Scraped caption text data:
==*==

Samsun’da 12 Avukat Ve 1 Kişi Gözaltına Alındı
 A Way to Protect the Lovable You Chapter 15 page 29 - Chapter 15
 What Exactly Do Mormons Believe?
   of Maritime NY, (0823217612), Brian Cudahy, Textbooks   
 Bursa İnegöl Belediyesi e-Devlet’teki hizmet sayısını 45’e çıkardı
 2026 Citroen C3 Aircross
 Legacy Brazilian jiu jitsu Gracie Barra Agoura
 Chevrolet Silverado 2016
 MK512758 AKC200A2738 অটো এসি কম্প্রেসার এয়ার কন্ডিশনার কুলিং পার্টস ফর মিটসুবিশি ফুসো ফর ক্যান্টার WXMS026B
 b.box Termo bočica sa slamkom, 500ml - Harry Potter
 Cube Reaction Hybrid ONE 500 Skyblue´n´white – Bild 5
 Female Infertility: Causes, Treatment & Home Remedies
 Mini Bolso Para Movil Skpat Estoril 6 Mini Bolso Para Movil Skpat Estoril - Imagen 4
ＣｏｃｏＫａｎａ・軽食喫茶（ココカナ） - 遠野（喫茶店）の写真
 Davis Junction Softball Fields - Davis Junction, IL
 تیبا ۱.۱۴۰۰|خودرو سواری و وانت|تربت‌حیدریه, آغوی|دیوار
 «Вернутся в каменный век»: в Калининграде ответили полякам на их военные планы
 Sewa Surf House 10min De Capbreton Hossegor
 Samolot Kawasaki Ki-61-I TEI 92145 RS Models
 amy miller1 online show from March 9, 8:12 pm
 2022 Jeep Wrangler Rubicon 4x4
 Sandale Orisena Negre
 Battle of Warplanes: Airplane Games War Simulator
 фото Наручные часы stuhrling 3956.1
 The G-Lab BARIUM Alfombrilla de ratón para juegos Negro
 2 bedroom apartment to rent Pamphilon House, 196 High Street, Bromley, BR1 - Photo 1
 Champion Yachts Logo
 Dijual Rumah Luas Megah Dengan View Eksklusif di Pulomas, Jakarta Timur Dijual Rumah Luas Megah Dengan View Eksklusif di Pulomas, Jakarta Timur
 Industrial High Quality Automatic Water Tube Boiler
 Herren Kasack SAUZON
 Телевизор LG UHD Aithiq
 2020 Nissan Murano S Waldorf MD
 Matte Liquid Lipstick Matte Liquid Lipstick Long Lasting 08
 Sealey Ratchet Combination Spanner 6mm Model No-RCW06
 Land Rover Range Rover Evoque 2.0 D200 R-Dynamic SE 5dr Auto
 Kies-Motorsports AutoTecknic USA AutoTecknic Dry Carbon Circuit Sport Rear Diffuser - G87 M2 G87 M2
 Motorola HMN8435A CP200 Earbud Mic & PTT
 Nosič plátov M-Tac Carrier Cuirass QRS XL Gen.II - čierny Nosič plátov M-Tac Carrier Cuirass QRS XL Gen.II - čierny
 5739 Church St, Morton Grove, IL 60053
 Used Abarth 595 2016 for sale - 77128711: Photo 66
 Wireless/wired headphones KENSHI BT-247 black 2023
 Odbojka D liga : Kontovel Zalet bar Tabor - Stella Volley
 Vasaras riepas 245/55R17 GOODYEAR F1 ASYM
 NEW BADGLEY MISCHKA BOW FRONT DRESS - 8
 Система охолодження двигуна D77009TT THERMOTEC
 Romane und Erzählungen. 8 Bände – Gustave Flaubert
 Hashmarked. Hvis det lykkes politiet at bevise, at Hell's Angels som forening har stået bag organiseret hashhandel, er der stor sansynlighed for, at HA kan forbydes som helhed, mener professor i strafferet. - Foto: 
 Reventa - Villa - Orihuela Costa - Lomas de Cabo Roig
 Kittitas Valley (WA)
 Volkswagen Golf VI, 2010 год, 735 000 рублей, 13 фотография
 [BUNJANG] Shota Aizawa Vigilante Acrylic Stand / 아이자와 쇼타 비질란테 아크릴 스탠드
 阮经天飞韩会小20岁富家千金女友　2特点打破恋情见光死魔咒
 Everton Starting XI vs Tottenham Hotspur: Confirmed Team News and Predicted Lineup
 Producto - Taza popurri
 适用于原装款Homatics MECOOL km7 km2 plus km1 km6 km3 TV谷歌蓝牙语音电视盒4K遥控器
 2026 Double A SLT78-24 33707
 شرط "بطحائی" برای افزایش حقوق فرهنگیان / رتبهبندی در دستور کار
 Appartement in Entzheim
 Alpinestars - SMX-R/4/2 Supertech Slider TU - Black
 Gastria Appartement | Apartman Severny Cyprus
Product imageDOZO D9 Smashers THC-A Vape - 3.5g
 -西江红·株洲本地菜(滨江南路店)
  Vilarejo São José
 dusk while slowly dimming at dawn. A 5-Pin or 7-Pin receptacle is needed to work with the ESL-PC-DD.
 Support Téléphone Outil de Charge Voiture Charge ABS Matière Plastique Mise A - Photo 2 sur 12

==*==

TASK OBJECTIVE
Give back, unchanged, the line containing "dusk while slowly" and each line that comes after it in the entries above, ending with the last.

FINAL ANSWER
 dusk while slowly dimming at dawn. A 5-Pin or 7-Pin receptacle is needed to work with the ESL-PC-DD.
 Support Téléphone Outil de Charge Voiture Charge ABS Matière Plastique Mise A - Photo 2 sur 12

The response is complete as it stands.